Byron A. Riblet: Tramline Titan

Last week, I reported that a new book has been released across the line in Washington. Byron Riblet: Forgotten Engineering Genius by Ty A. Brown is the story of the man who perfected the tramlines that are in use and identifiable, today, as ski-lifts.

But they started out as tramlines to carry ores from isolated and mountainous mining operations. Mr. Riblet brought one of his effective and economical cable systems to the Cowichan Valley just after the turn of the last century.

That’s when he was commissioned to connect the Tyee Mine on Mount Sicker to the E&N Railway at Tyee Crossing, the copper ores being carried in aerial buckets.

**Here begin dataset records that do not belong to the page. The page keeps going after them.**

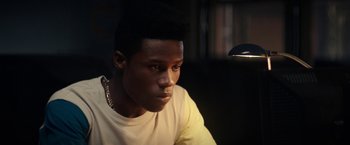 Movie still from “Dope” (2015), directed by Rick Famuyiwa – A young man sitting in front of a computer monitor; Close Up shot, Low angle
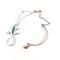 Collier Collier et pendentif lézard en or blanc 18 ct, émeraudes et diamants 58 Facettes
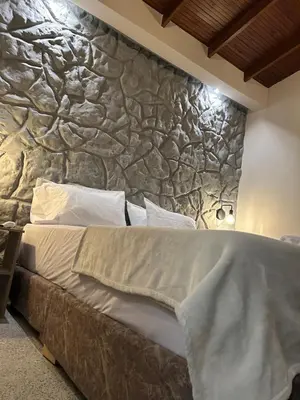 a bed in a room with a stone wall at Casa Kyros Boutique in Medellín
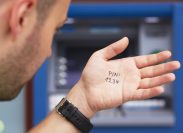 closeup of a man looking at the palm of his hand with "pin 1234" written on it, standing in front of an ATM.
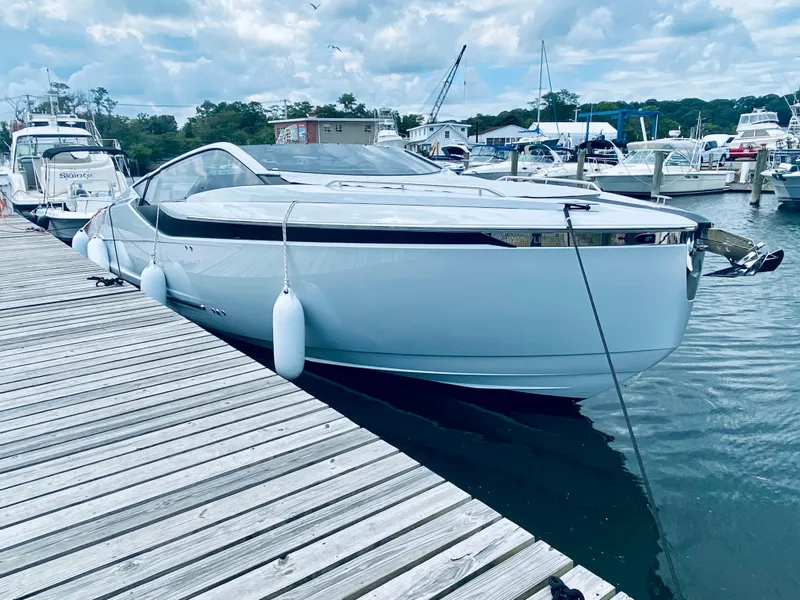 Slide: The Image of 2022 Fairline F//Line 33 yacht docked at marina, sleek design, calm water, cloudy sky. - 3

It was far more efficient and less costly to build and to maintain than the competing Lenora Mine’s narrow gauge railway to Crofton. With the Tyee’s closure, the tramline hardware was recycled at a mine in the Barkley Sound area.

Sadly, until recent years, two of the wooden towers had survived, tall and firm, but were downed by loggers.

Sadly, too, although there’s an entire chapter on the Riblet tramlines in B.C.’s silvery Slocan, not a mention of the Tyee on Mount Sicker. A slight that I correct in next week’s Chronicle.

* * * * *
PHOTO: Looking up from the Lenora townsite on Mount Sicker to the ore pile of the competing Tyee Mine which Byron Riblet successfully linked to the E&N Railway with his aerial tramline.